Yo no hablo por todos los ecuatorianos ni por todos los televidentes del país. No hablo por los ateos, los católicos, cristianos, protestantes, etc. Yo hablo por mí en cada uno de los mensajes que lanzo a la redes sociales. Lo mismo debe pasar con los usuarios en Facebook y Twitter que usan esos espacios para decir exactamente lo que piensan sobre distintos temas.

Se viralizó el tema de Ecuador Tiene Talento (#ETT) principalmente porque tres juezas decidieron usar su espacio en ese programa para adoctrinar a una participante que se calificó como ‘autodidacta’ y que después afirmó que no creía en Dios. El problema en ese punto no es que las señoras hayan sido críticas frente a la postura de la participante, sino que usaron su espacio para decirle cosas como que está muy pequeña para estar segura de sus posturas y que sin Dios no llegará a ninguna parte. En vez de cuestionar lo que debían, o sea la calidad del canto de la joven o su perspectiva para mejorar, las enjuiciadoras –porque en este caso lo fueron– prácticamente se agarraron del tema de la religión para decirle que no puede ser autodidacta y creer que con eso es suficiente.

Lógicamente, este episodio absurdo resonó no solo en las redes sociales dentro del país, sino que durante la semana comenzaron a aparecer artículos de distintos medios como CNN, El País, RT (Russia Today), El Espectador, E! Entertainment Tv, Buzzfeed, entre otros. Eso sin mencionar lo viral que se volvieron los videos en Youtube que mostraban ese momento, proyectándole al mundo una imagen cuestionable del país.

Internamente, la crítica a este acontecimiento fue muy grande: se publicaron algunas columnas de opinión, las redes sociales se encendieron, se crearon memes demostrando la falta de criterio o se hicieron montajes demostrando la hipocresía de alguna de las juezas. Pero en realidad, la situación de fondo es la calidad del contenido que nos genera y entrega la TV nacional.

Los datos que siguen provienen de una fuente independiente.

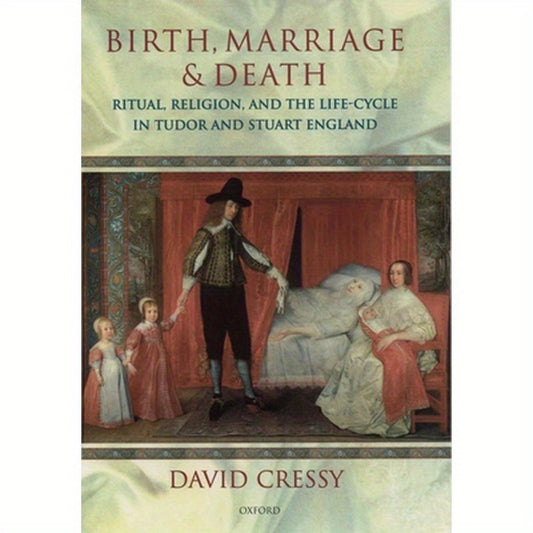 Birth, Marriage, and Death: Ritual, Religion, and the Life Cycle in Tudor and Stuart England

#ETT está lejos de ser un ‘reality show’ que busque fomentar talento o cultura –definitivamente no es como ‘The Voice’, ‘American Idol’, ‘Operación Triunfo’ o tantos otros ejemplos– sino que es parte del espectro de telebasura que se presenta día a día en distintos horarios para que los ecuatorianos lo consuman. El problema no es que tres señoras hayan amedrentado a una chica de 16 años en TV nacional por sus creencias –aunque sí sea poco ético y de mal gusto– porque el fondo de eso es la calidad del programa: no es buena.

Por su parte, una de las juezas utilizó su cuenta personal de Twitter para responder a las críticas que se generaron en la web. Su manejo fue terrible, quedando mal ella y empeorando la imagen de ese programa ya manchado por este episodio y uno sobre dos mujeres jalándose de los pelos (las chicas miau) por las que #ETT recibió una amonestación. Habrá quienes digan que esta pobre señora está siendo atacada, pero creo que es cuestión de que ella no supo recibir las críticas y reaccionar a la altura.

Es necesario que de esto nos quede a todos una lección: la programación necesita mejorar. El contenido es como el dilema del huevo: no se sabe si es así porque las audiencias lo demandan, o si las audiencias ven eso porque es lo que los medios ofrecen. En todo caso, es momento de que se suba el nivel de todos los contenidos audiovisuales, radiales, impresos y digitales. Principalmente, porque eso ayudará también a formar mejor criterio en las audiencias y eso le vendría bien al país.